─── Provided records

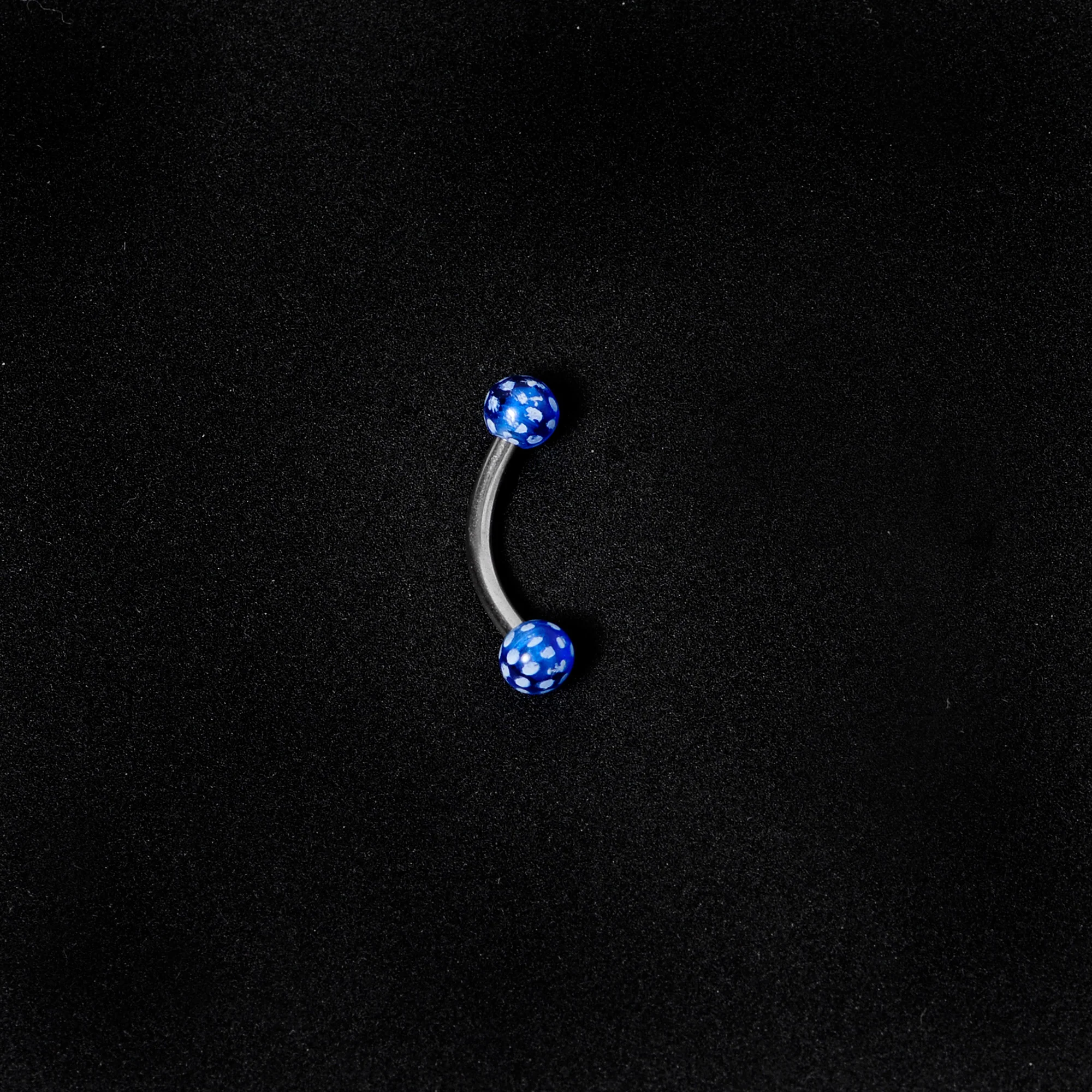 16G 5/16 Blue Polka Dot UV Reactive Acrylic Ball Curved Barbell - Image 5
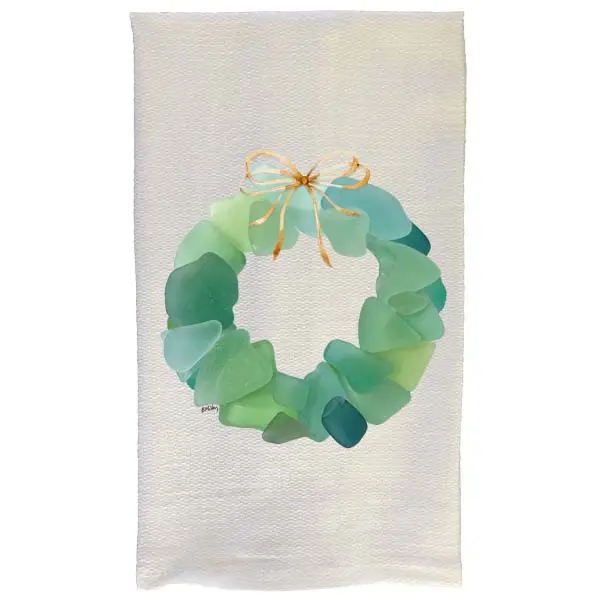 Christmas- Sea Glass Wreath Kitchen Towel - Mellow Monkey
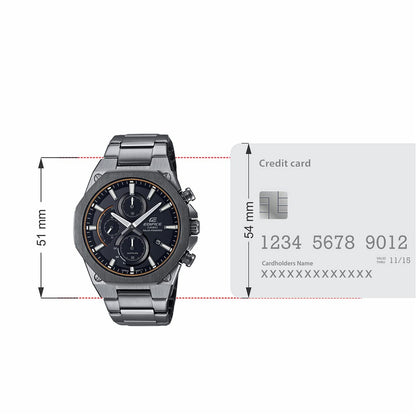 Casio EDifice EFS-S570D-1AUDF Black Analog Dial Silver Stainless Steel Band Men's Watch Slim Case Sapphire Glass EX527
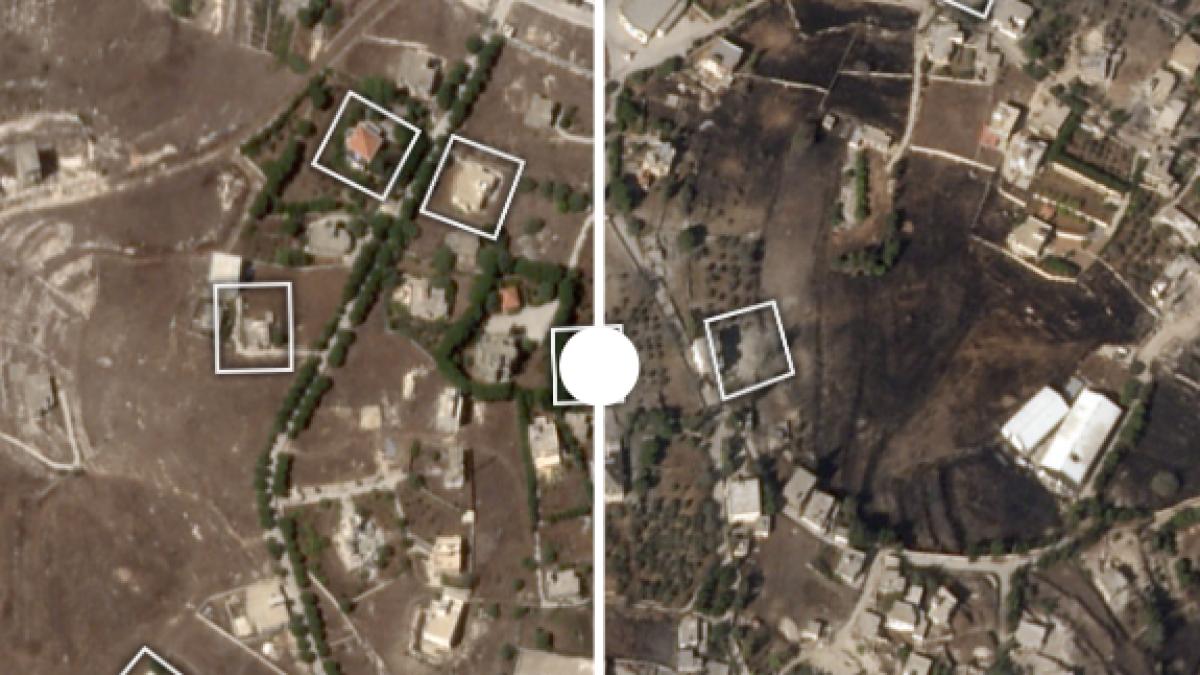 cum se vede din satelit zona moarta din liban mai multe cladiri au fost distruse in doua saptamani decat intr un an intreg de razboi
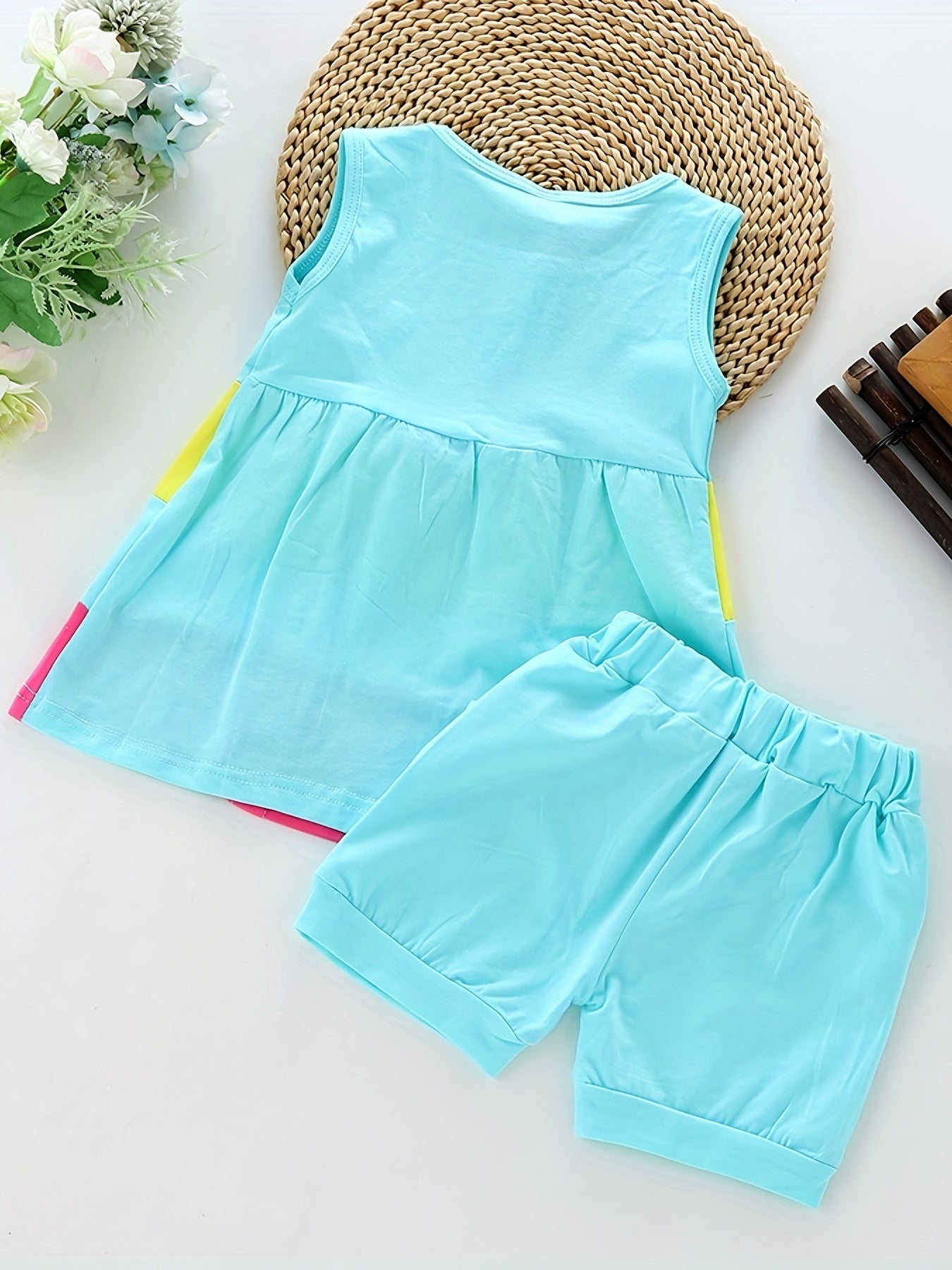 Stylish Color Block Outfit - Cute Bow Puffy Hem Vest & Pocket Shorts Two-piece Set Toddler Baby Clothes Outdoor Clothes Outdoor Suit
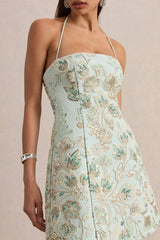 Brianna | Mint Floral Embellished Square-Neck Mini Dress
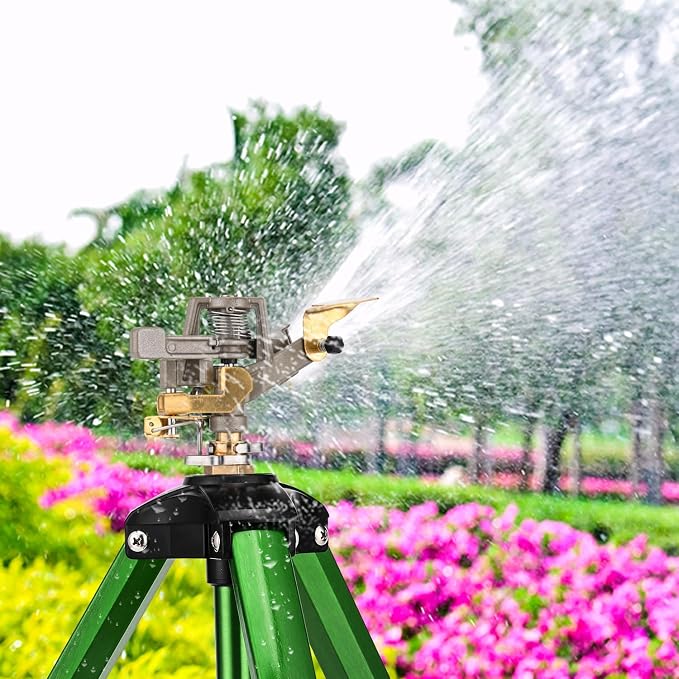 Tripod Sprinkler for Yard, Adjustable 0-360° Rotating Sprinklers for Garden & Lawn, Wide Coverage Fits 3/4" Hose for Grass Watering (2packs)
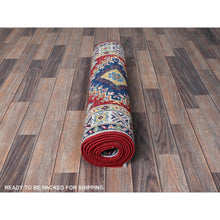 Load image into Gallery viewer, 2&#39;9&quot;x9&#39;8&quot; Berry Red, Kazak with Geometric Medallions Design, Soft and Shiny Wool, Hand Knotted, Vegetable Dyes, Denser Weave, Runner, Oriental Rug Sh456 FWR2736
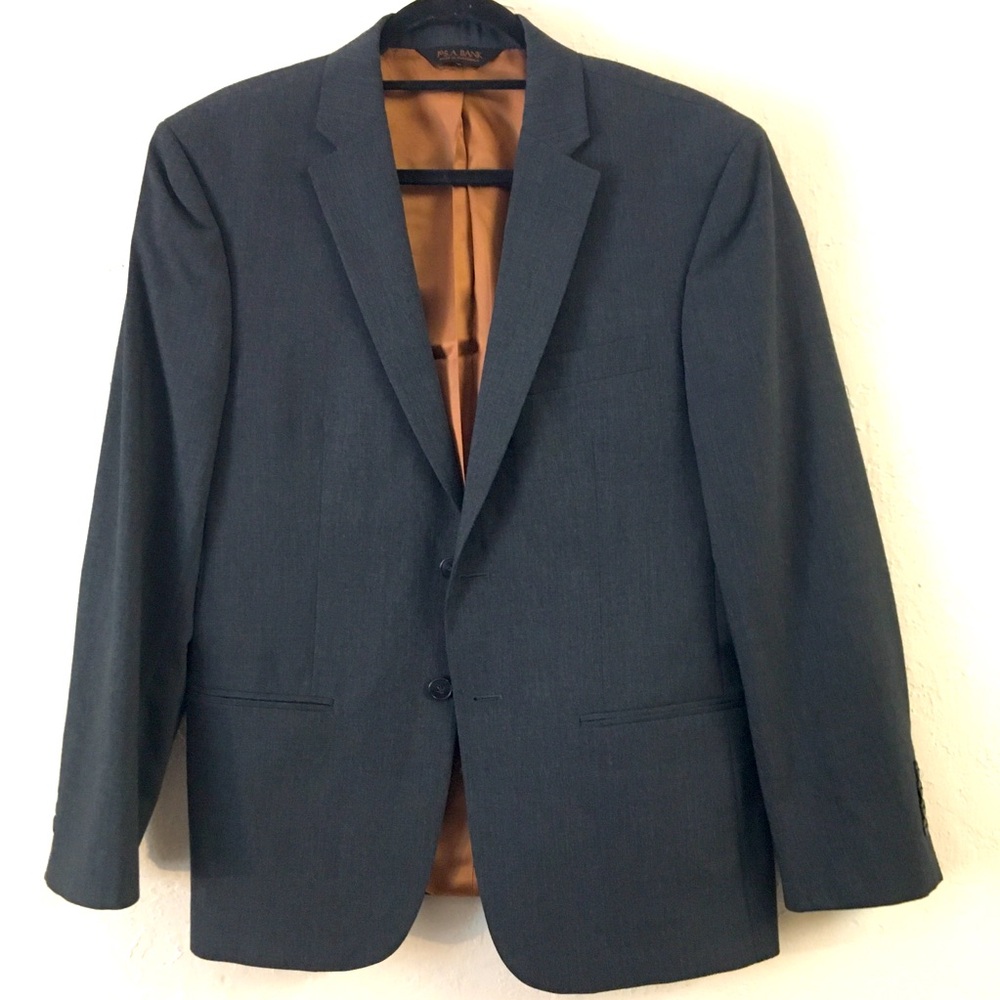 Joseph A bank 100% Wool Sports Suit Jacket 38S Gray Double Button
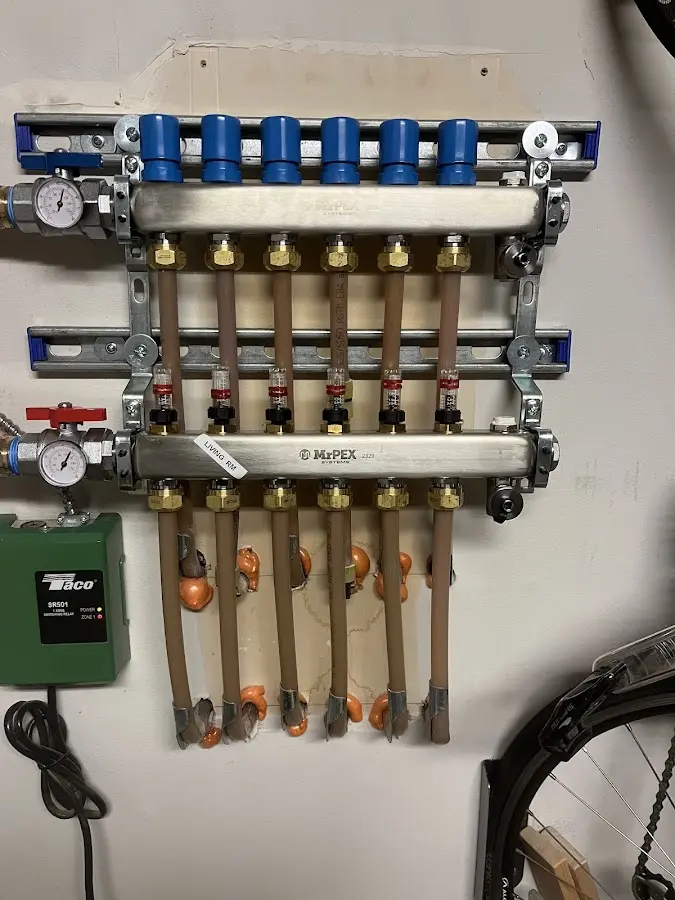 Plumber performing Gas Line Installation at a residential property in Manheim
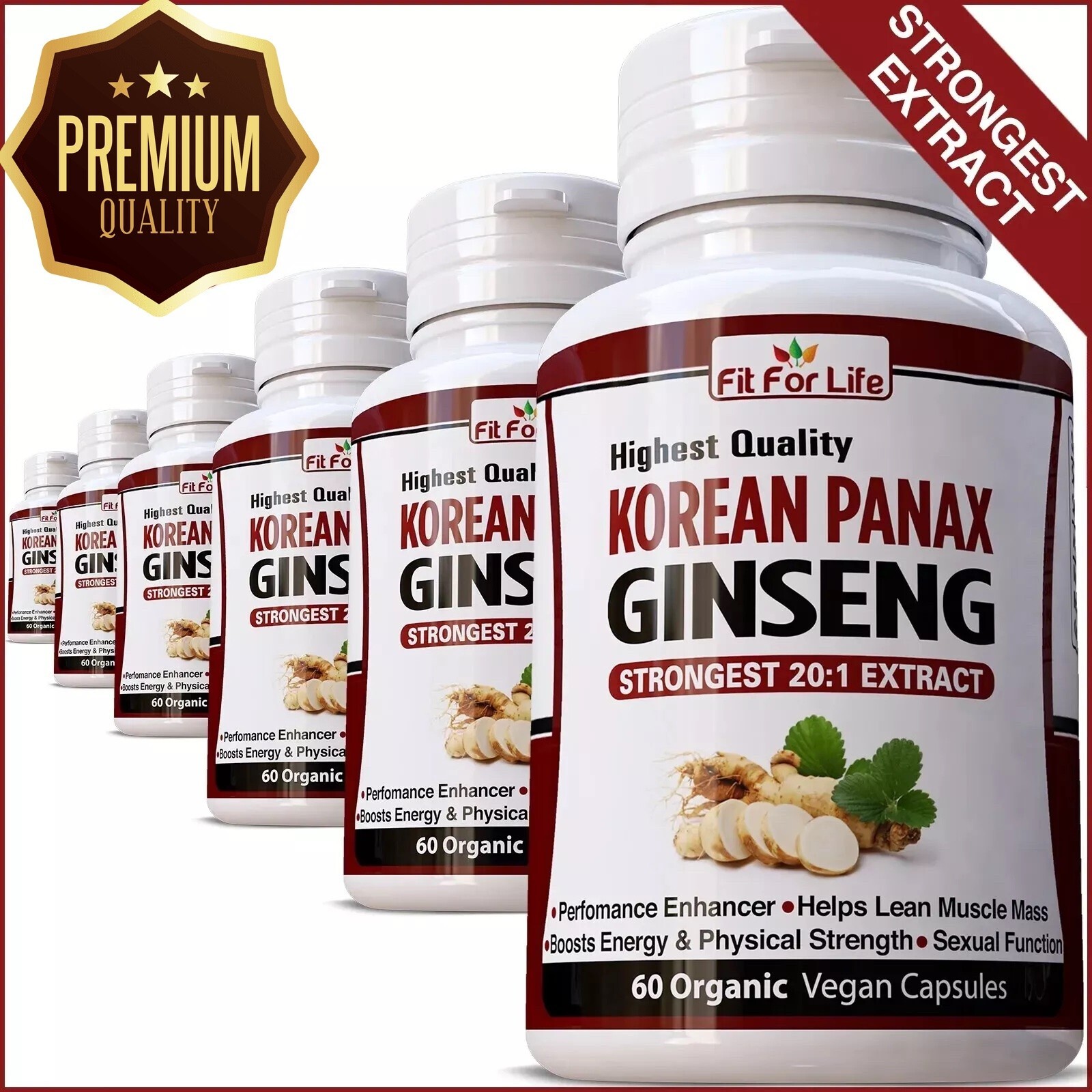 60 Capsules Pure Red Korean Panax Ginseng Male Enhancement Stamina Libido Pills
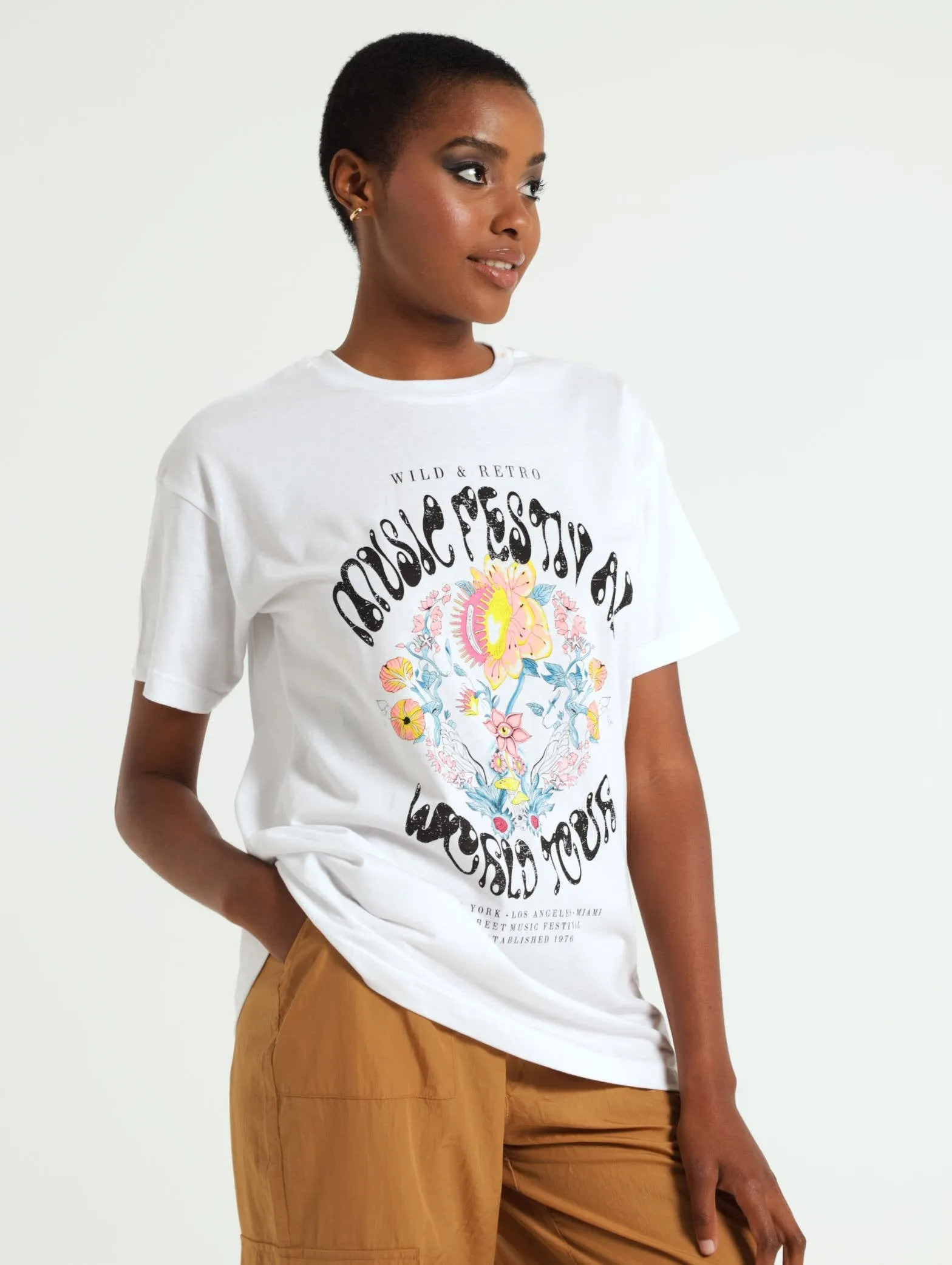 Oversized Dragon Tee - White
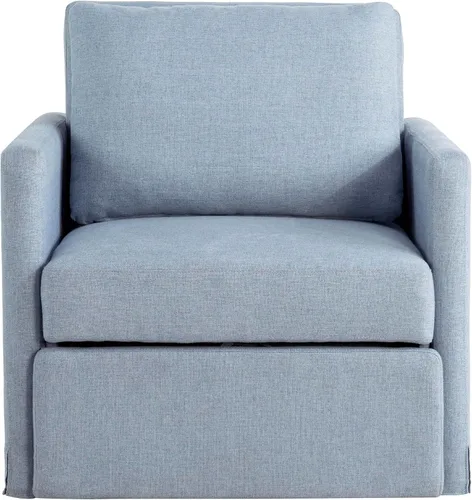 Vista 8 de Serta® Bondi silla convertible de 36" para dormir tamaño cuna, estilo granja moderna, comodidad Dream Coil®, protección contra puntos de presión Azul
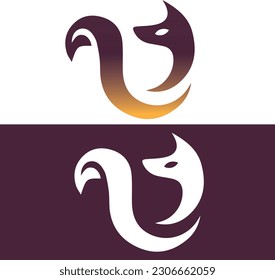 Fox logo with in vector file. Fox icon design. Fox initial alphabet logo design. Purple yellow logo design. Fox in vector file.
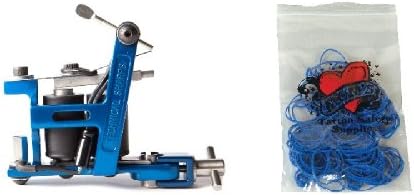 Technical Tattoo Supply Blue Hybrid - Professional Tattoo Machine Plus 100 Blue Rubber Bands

──────

*What you need to do:* Please copy the data above exactly, omitting the pictures.

*Your solution:*
 16G 5/16 Blue Polka Dot UV Reactive Acrylic Ball Curved Barbell - Image 5
 Christmas- Sea Glass Wreath Kitchen Towel - Mellow Monkey
 Casio EDifice EFS-S570D-1AUDF Black Analog Dial Silver Stainless Steel Band Men's Watch Slim Case Sapphire Glass EX527
 cum se vede din satelit zona moarta din liban mai multe cladiri au fost distruse in doua saptamani decat intr un an intreg de razboi
 Stylish Color Block Outfit - Cute Bow Puffy Hem Vest & Pocket Shorts Two-piece Set Toddler Baby Clothes Outdoor Clothes Outdoor Suit
 Brianna | Mint Floral Embellished Square-Neck Mini Dress
 Tripod Sprinkler for Yard, Adjustable 0-360° Rotating Sprinklers for Garden & Lawn, Wide Coverage Fits 3/4" Hose for Grass Watering (2packs)
 Load image into Gallery viewer, 2&#39;9&quot;x9&#39;8&quot; Berry Red, Kazak with Geometric Medallions Design, Soft and Shiny Wool, Hand Knotted, Vegetable Dyes, Denser Weave, Runner, Oriental Rug Sh456 FWR2736
 Joseph A bank 100% Wool Sports Suit Jacket 38S Gray Double Button
 Plumber performing Gas Line Installation at a residential property in Manheim
 60 Capsules Pure Red Korean Panax Ginseng Male Enhancement Stamina Libido Pills
 Oversized Dragon Tee - White
 Vista 8 de Serta® Bondi silla convertible de 36" para dormir tamaño cuna, estilo granja moderna, comodidad Dream Coil®, protección contra puntos de presión Azul
 Fox logo with in vector file. Fox icon design. Fox initial alphabet logo design. Purple yellow logo design. Fox in vector file.
 Technical Tattoo Supply Blue Hybrid - Professional Tattoo Machine Plus 100 Blue Rubber Bands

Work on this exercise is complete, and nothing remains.